New Media in Old Bottles? Barron’s Contextual First Amendment and Copyright in the Digital Age
In his seminal 1967 article, Access to the Press—A New First Amendment Right, Jerome Barron argued that speakers have a meaningful opportunity to convey their message only if given access to the mass media. Yet forty years later, the Internet features a bountiful, vibrant stew of individual expression, peer discussion, social networks, political organization, cultural commentary, and user-generated art. Given this emergence of Internet speech, Barron’s call for a robust, egalitarian First Amendment may well be best met today not by a right of access to the mass media, but by meaningful opportunities to bypass the mass media.
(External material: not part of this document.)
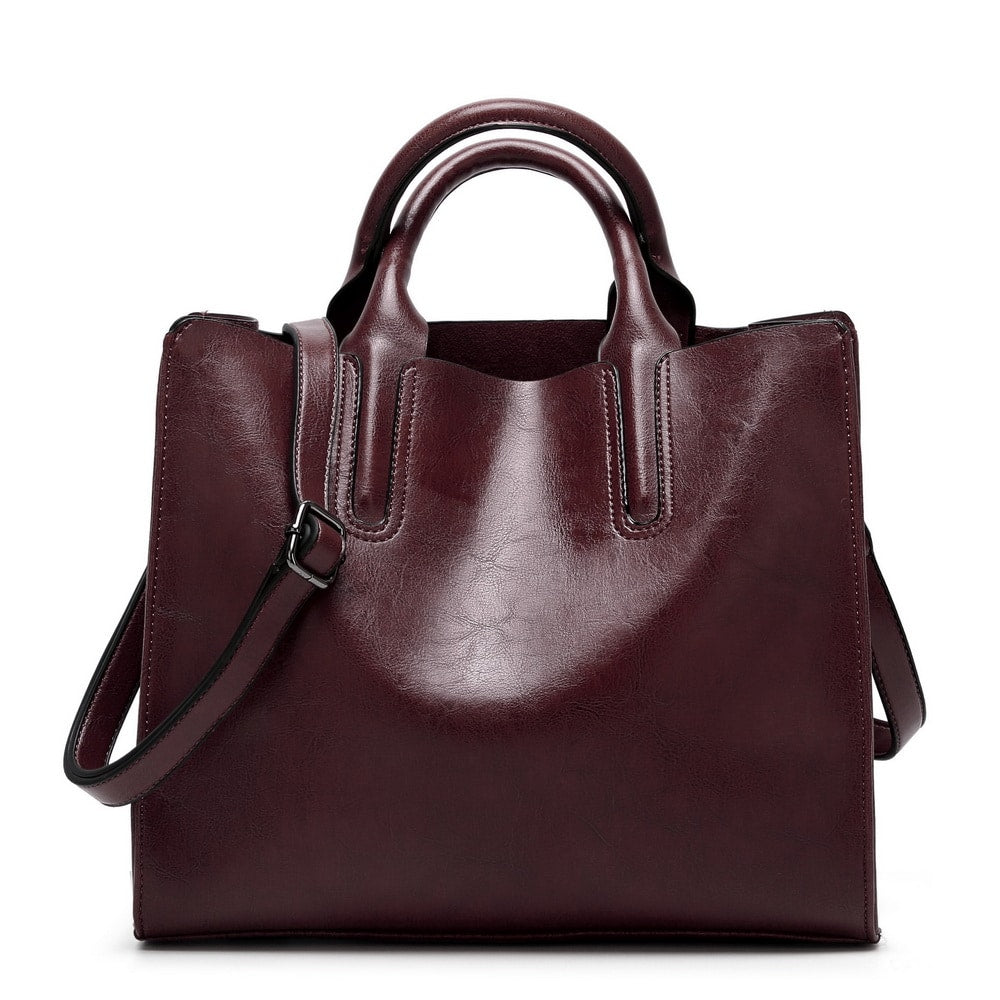 Oil Eco-Leather Tote Bag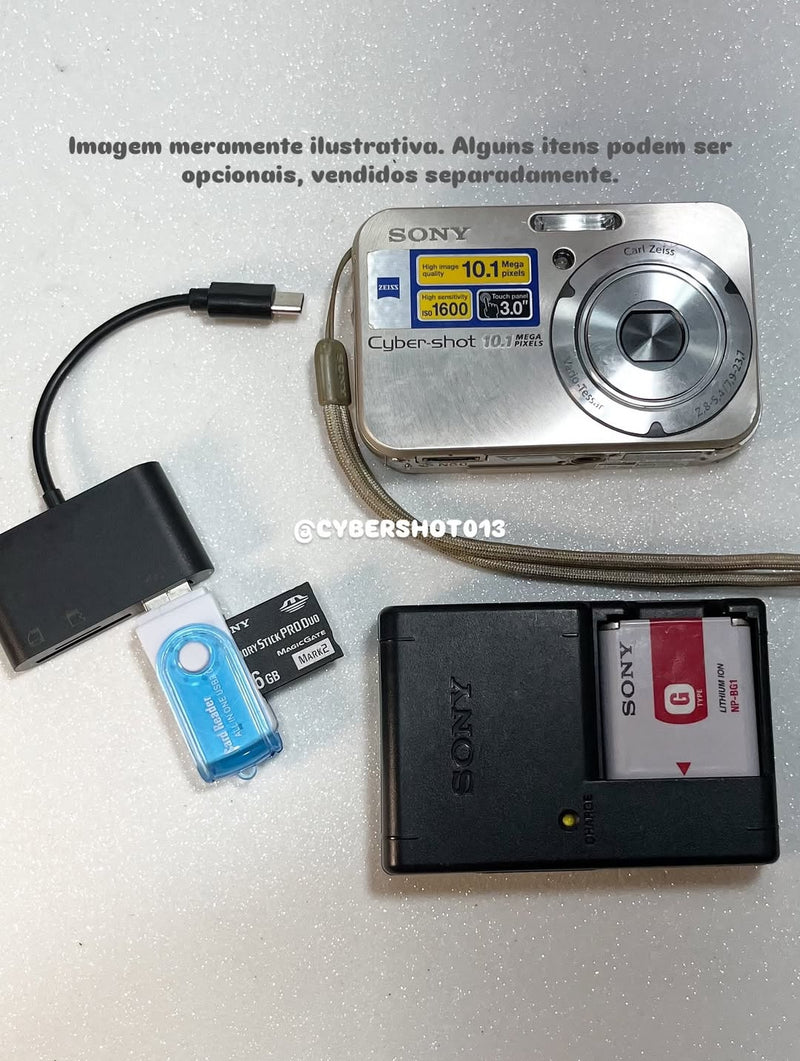 Sony Cybershot DSC-N2 TouchScreen 10.1mpx Dourada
Our interest in rigorous debate among diverse and antagonistic voices might be best served not by requiring media giants to act as quasi-common carriers, but by insuring that peer communication, user-generated content, and new media will continue to level the playing field. The free speech concern is not so much that commercial mass media fail to air unorthodox views—the Internet after all is chockfull of dissident voices—but rather that media and telecommunication conglomerates might successfully bring the Internet to heel, drive out new media, and subject digital communication to their proprietary control.
Hence, to a large extent, the fulcrum of ensuring real opportunities for expressive diversity has moved from calls for speakers’ right of access to broadcast and print media to issues involving network neutrality and copyright. The bulk of scholarly and activist attention (among those who sympathize with Barron’s proactively egalitarian vision of the First Amendment) has moved from how to regulate mass media to promote expressive diversity to how to ensure that individual speakers and new media have access to the conduits of digital communication and are able to build upon and disseminate the salient images, sounds, and texts that make effective communication and self-expression possible.
This Article focuses on one part of that equation: copyright and its role in shaping public discourse in the digital arena. It focuses in particular on (1) incumbent mass media’s untoward use of copyright as a vertical restraint to stifle the new media that provides platforms for peer speech, (2) copyright’s continuing part in underwriting traditional media, a salutary function that stands in some tension with the media’s use of copyright to suppress new media competition, and (3) copyright’s potential for enabling powerful new media, like Google, to threaten expressive diversity in the digital age in much the same way that incumbent media has overwhelmingly dominated public discourse in the print and broadcast era.